# [ERROR - SEE POST#28 -CP]Promethean Sun to become available in POD format



## Commissar Ploss (Feb 29, 2008)

*(THERE HAS BEEN A CORRECTION OF THIS NEWS, SEE POST#28, OR THE BOTTOM OF PAGE 3)*

Promethean sun is scheduled for release this May in Print On Demand format, for those of you who may have missed the original launch of 3000 signed copies. 

The POD books will not be signed, nor be in the hardback limited edition that you so crave, but will be available for purchase nonetheless in the like format as other POD titles thus far.

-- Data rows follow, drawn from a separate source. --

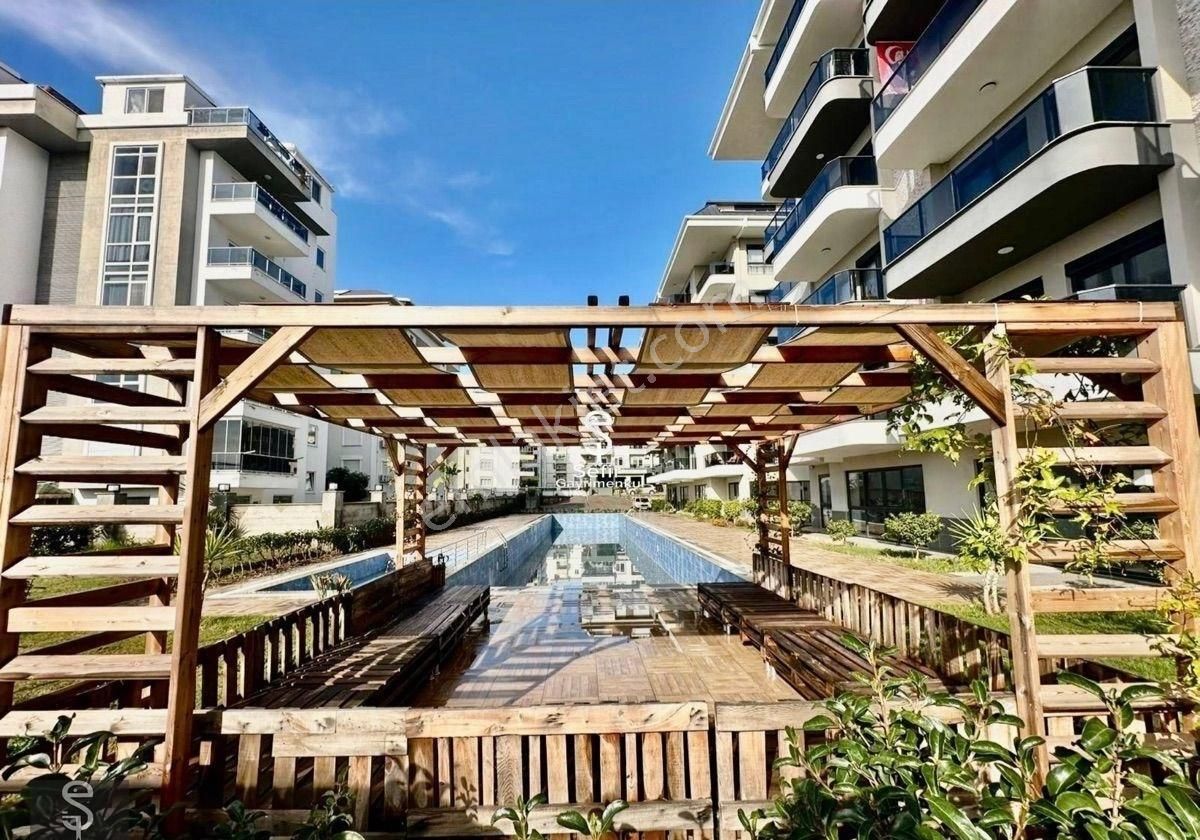 Alanya Kestel'de Kiralık 1+1 Aktiviteli Denize 150m Eşyalı Daire - Görsel 24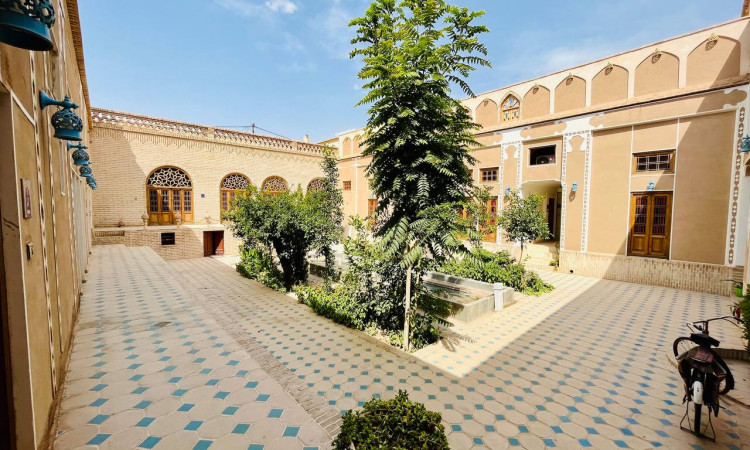 اتاق دوتخته دبا فروغ(زیرزمین)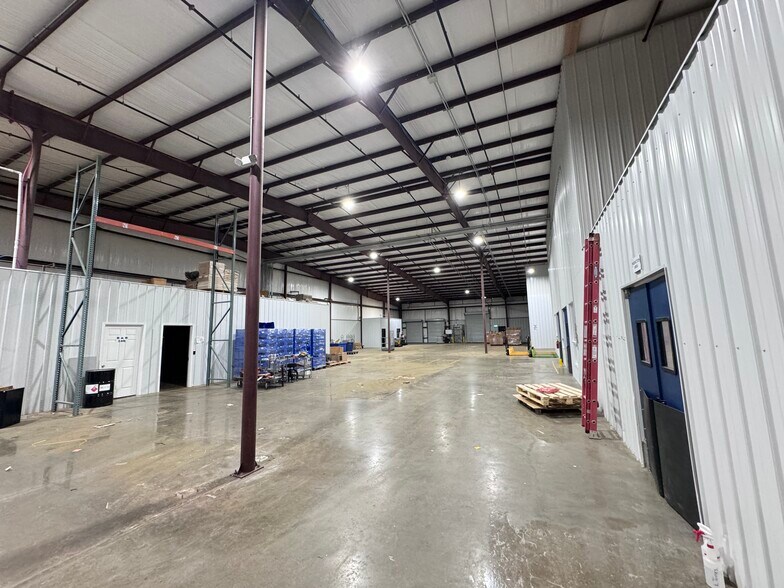 More Photos Of 655 10th St, Cedartown Warehouse For Sale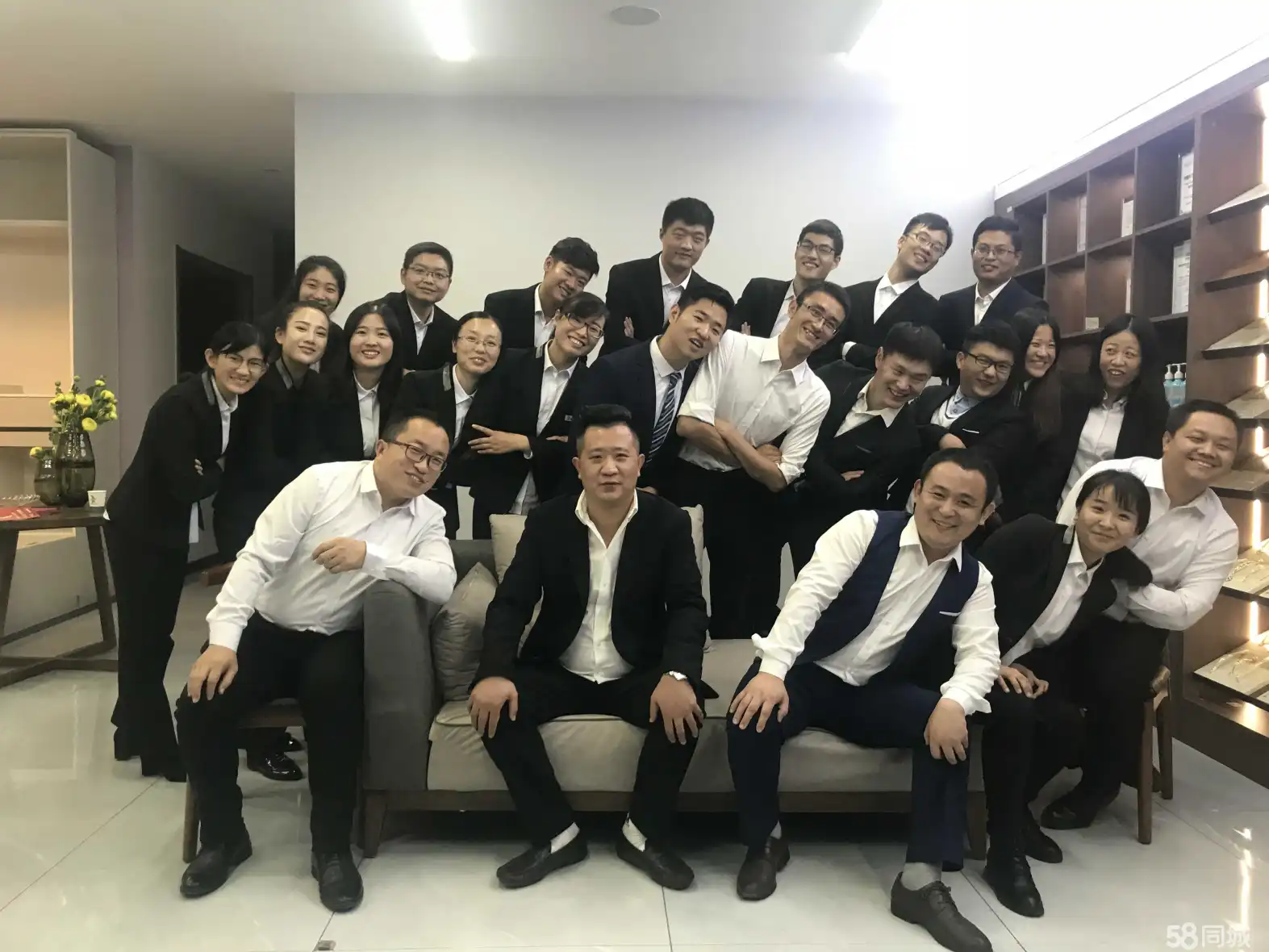 烟台吉斯家具常务副总经理_吉斯家具烟台总部展厅_烟台吉斯家具集团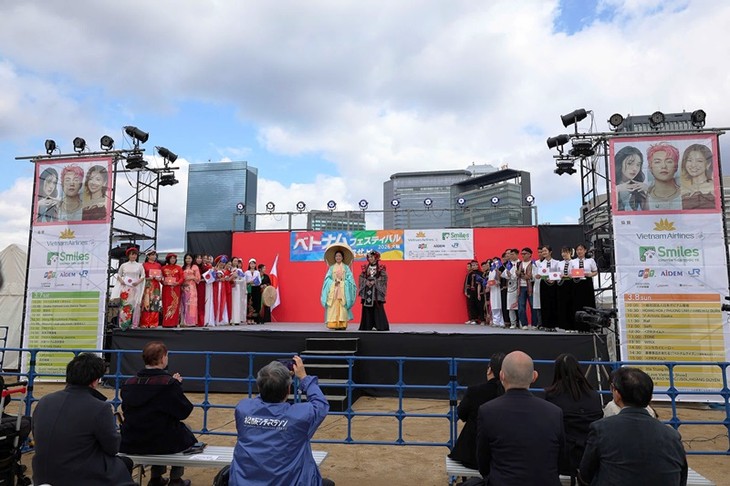 Áo dài và văn hóa Việt rực rỡ tại Lễ hội Việt Nam 2026 ở Osaka - ảnh 4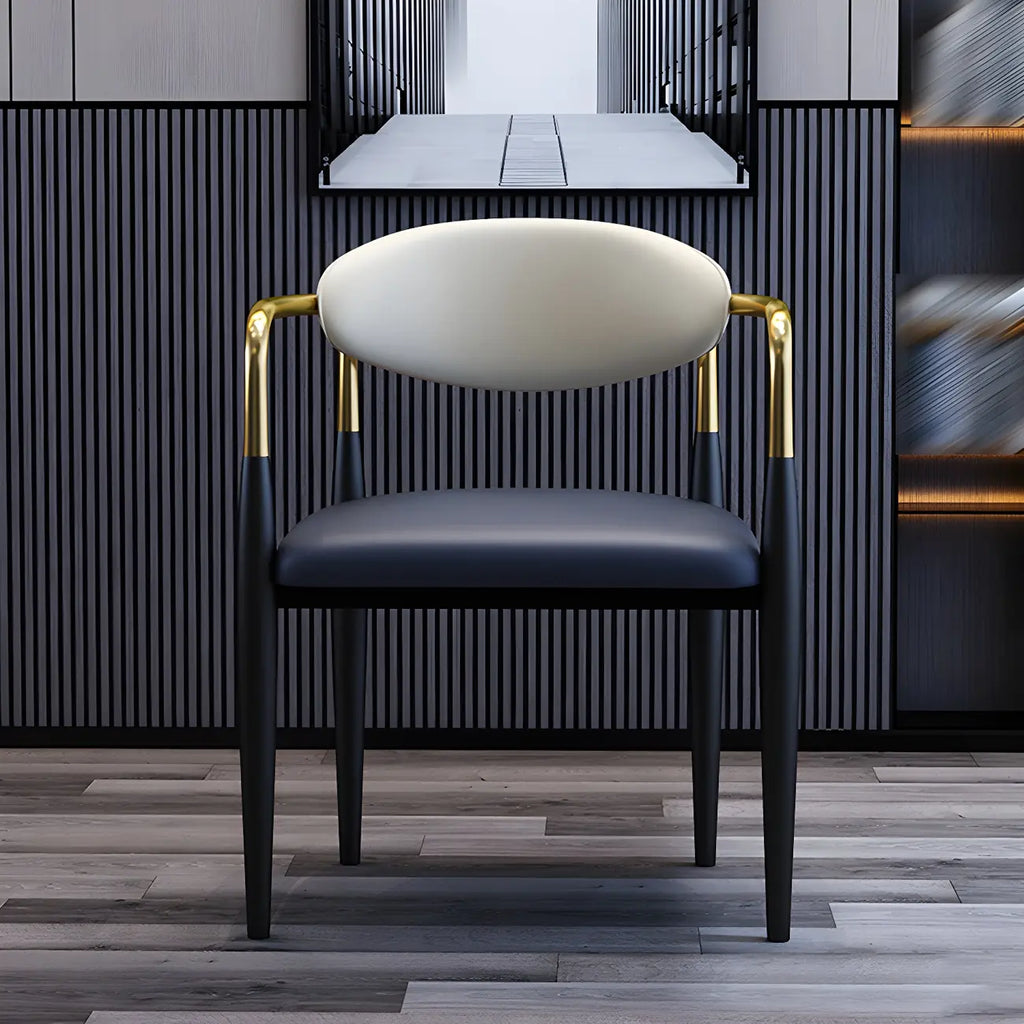 Chaise de salle à manger avec pieds en métal courbés et accoudoirs en similicuir.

IF you care to see the rest of the news for the month of May, i've compiled the newsletter as a readable document on my personal site. just follow this link: http://www.thefoundingfields.com/2011/05/black-library-news-may-2011.html to my site, and then click on "Black Library News - May 2011" and it will open up in Google Docs.

CP


----------



## gen.ahab (Dec 22, 2009)

Will it also cost a fucking fortune? Yup.


----------



## World Eater XII (Dec 12, 2008)

Ah that is very cool news.

At least people will be able to catch all the fluff!


----------



## Commissar Ploss (Feb 29, 2008)

gen.ahab said:


> Will it also cost a fucking fortune? Yup.


yep! 50$ :biggrin:


World Eater XII said:


> Ah that is very cool news.
> 
> At least people will be able to catch all the fluff!


aye, that'll be nice. 

CP


----------



## raider1987 (Dec 3, 2010)

So we spent £40 on something that WASN'T limited edition? They said it wouldn't be reproduced for 2 years... yet it will be available in less than 2 weeks? Wow.


----------



## Doelago (Nov 29, 2009)

Wait, its going to cost as much as the hard cover version? What the fat hell?


----------



## gen.ahab (Dec 22, 2009)

Doelago said:


> Wait, its going to cost as much as the hard cover version? What the fat hell?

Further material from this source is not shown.